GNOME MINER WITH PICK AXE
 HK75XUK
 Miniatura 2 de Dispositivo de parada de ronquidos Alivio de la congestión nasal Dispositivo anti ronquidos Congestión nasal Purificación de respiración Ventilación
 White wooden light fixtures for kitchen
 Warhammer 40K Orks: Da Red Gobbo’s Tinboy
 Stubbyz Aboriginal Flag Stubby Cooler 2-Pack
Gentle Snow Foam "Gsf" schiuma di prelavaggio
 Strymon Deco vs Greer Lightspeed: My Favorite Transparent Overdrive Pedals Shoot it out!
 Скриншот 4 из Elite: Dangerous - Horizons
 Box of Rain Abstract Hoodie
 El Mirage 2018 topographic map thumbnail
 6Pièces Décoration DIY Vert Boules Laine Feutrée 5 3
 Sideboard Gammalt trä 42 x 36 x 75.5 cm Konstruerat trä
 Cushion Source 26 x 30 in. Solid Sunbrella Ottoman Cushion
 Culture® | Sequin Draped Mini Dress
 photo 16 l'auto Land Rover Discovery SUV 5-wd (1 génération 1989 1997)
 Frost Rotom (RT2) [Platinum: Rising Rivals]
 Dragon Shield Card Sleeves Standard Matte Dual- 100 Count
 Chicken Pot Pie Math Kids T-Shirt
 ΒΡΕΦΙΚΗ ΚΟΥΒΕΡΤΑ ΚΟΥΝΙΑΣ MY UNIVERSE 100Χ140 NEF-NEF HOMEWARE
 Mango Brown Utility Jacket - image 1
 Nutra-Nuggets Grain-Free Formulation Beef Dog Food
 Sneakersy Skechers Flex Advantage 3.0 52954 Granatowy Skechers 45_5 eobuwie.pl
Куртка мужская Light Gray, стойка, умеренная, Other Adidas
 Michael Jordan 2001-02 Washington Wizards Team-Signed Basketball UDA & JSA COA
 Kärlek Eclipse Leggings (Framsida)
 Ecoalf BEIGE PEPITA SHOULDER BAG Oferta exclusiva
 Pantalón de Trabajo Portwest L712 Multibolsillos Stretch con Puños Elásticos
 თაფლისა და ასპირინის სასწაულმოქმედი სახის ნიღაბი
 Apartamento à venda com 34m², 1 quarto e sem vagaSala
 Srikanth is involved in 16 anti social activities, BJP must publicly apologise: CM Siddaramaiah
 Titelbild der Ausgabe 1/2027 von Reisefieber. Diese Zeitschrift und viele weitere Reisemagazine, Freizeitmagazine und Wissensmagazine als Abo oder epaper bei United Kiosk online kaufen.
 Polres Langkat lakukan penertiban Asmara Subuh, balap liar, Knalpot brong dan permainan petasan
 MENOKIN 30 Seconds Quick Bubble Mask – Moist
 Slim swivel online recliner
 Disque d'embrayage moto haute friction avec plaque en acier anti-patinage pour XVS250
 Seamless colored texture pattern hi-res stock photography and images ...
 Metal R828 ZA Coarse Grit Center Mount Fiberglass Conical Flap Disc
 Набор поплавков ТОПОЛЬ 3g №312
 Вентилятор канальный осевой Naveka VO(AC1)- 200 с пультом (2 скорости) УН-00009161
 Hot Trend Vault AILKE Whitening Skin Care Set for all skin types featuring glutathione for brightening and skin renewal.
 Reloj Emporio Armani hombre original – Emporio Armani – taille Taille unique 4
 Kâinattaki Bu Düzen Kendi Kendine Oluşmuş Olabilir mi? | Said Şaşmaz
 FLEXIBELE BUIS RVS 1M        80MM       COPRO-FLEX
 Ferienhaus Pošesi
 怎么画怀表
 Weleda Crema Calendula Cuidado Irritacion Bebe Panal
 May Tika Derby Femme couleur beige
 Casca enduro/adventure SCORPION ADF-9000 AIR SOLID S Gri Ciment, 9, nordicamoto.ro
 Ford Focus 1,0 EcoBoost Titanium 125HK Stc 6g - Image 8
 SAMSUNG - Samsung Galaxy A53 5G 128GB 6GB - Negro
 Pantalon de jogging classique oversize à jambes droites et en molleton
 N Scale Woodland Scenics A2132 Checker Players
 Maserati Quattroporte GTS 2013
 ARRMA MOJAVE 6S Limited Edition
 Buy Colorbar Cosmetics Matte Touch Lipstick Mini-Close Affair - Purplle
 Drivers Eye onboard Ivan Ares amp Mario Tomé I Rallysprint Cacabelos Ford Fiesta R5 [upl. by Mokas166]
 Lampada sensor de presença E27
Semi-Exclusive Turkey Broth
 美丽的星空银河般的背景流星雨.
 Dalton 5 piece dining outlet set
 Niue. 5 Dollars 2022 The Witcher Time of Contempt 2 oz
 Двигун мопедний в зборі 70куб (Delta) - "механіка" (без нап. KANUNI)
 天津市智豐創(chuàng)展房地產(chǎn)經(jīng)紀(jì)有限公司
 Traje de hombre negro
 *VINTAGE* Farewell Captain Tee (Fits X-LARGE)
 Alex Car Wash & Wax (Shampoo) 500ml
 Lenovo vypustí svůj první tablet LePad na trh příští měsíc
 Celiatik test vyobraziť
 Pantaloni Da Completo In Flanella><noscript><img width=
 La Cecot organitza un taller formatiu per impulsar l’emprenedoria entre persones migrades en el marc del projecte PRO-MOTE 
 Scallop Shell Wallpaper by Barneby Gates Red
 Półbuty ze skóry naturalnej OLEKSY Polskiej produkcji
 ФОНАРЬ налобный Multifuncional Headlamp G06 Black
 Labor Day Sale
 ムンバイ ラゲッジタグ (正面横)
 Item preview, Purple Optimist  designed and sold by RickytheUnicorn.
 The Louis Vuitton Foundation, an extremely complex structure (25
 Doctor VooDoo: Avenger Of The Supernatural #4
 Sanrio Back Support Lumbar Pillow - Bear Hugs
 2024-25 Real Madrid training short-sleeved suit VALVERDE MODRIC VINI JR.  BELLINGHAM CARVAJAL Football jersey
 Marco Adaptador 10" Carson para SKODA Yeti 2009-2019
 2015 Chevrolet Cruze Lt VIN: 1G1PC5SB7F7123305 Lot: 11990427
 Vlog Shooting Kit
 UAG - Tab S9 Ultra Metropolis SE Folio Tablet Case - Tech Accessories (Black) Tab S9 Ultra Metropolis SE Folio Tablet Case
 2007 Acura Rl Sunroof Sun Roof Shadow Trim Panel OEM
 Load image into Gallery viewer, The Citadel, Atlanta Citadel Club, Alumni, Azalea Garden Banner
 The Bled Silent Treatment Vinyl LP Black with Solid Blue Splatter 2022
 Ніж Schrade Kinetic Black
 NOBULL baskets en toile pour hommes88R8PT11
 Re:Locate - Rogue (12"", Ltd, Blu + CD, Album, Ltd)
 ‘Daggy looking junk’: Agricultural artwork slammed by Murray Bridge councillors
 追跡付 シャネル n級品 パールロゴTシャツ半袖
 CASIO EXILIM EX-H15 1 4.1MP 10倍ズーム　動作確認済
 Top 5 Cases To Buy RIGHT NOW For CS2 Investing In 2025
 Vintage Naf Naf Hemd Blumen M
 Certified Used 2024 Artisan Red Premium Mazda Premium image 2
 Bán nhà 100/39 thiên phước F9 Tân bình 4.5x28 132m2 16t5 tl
--------
- **Exercise details**
The reply should hold only the lines from the beginning of the listing above through the line with "White wooden light fixtures for kitchen", each one written exactly as it appears.

- **Output for this exercise**
GNOME MINER WITH PICK AXE
 HK75XUK
 Miniatura 2 de Dispositivo de parada de ronquidos Alivio de la congestión nasal Dispositivo anti ronquidos Congestión nasal Purificación de respiración Ventilación
 White wooden light fixtures for kitchen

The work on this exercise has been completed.